PUSH ist 20 Jahre alt. Heute stellen nicht zuletzt Entwicklungen wie Klimawandel und fehlende soziale Nachhaltigkeit ganz neue Anforderungen an die Wissenschaftskommunikation. Wie politisch kann und darf sie sein? Hannes Schlender sprach darüber mit Gregor Hagedorn, Josef Zens und Antje Boetius.

Kennen Sie das Buch „Factfulness“ von Hans Rosling? Nein? Dann ist das Bild, das Sie von Ihrem eigenen Wissen über die Welt haben, vielleicht noch ungetrübt. In „Factfulness“ rechnen Rosling und sein Autorenteam freundlich aber erbarmungslos mit dem verbreiteten Bildungsstand zum Zustand der Welt ab. Dieser basiert in weiten Teilen auf dem Wissen, das vor 30, 40 oder sogar 50 Jahren in Schulen und an Universitäten gelehrt wurde.

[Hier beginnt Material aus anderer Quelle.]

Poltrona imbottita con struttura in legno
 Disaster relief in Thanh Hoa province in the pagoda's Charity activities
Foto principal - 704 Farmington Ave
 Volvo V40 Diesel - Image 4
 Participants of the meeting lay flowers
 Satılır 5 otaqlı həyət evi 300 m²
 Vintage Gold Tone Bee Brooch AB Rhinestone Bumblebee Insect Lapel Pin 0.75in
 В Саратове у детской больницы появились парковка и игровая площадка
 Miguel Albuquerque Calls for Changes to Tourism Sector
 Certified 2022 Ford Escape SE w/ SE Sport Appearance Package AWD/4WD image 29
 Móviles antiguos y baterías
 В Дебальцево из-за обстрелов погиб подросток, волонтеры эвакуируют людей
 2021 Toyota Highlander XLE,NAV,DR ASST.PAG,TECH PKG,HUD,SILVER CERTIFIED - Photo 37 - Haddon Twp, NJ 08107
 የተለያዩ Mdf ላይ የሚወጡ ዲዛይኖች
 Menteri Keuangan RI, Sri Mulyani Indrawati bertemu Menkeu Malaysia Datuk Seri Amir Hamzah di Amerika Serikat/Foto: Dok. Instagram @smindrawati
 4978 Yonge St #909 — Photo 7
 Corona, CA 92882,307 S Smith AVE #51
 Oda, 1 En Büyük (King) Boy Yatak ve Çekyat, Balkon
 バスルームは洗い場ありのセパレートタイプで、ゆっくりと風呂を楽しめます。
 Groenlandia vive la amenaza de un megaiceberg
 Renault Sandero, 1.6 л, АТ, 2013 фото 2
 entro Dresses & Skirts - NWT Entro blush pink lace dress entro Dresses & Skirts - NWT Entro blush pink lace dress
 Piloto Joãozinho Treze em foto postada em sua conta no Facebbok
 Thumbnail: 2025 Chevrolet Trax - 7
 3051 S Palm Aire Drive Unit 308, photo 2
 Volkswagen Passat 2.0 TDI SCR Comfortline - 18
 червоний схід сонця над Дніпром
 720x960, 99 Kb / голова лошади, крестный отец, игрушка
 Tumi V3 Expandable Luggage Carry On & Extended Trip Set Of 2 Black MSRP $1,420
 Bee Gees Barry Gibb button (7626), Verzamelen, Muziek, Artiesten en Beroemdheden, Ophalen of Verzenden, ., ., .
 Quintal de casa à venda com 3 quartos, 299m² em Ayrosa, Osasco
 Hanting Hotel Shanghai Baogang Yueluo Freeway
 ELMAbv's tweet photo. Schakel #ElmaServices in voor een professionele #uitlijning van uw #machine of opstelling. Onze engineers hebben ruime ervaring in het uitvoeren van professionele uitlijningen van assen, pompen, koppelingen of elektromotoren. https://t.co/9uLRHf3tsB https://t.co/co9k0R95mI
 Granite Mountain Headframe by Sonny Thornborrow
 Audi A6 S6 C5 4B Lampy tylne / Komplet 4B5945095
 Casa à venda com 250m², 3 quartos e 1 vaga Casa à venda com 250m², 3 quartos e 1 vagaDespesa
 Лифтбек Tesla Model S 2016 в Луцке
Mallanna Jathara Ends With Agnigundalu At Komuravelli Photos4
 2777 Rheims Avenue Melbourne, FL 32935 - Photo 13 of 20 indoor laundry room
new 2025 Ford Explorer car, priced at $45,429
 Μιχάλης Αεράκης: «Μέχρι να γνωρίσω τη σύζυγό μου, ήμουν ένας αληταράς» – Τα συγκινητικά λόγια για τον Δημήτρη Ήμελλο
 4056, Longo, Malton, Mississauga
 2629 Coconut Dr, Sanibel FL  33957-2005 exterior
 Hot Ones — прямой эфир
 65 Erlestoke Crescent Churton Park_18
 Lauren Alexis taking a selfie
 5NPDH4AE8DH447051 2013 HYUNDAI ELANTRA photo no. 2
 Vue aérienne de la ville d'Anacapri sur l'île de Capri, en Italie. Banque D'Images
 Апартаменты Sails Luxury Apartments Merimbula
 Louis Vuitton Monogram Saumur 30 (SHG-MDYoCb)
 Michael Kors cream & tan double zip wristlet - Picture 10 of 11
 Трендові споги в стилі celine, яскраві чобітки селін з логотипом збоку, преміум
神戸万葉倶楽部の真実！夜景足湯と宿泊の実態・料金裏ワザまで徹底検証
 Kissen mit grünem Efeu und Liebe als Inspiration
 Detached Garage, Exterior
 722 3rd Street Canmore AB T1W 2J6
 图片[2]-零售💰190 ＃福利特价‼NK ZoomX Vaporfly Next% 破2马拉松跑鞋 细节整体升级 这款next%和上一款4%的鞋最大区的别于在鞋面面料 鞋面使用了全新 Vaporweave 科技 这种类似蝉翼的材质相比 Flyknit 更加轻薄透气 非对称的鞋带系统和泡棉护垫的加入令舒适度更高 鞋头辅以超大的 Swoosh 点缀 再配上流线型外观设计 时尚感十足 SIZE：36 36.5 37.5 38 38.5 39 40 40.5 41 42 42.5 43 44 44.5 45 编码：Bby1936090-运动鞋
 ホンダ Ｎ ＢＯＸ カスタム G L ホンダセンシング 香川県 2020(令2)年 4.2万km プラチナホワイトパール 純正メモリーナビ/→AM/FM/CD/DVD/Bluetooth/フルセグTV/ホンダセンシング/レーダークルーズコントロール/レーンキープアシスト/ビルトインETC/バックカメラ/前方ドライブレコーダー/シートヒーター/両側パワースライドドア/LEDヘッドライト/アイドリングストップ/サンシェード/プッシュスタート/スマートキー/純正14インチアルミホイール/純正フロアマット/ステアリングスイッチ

Was damals aktuelles Wissen war – beispielsweise die Einteilung der Erde in Industrie- und Entwicklungsländer, Fakten zur Verteilung von Armut und Reichtum oder zum Gesundheitsstatus der Bevölkerung unterschiedlicher Weltregionen – ist heute hoffnungslos veraltet. Aber es herrscht weiterhin in unseren Köpfen vor und ist Basis für wichtige politische Entscheidungen. Entscheidungen, die wir heute treffen und deren Folgen erst in den kommenden Jahren, Jahrzehnten oder gar Jahrhunderten sichtbar werden.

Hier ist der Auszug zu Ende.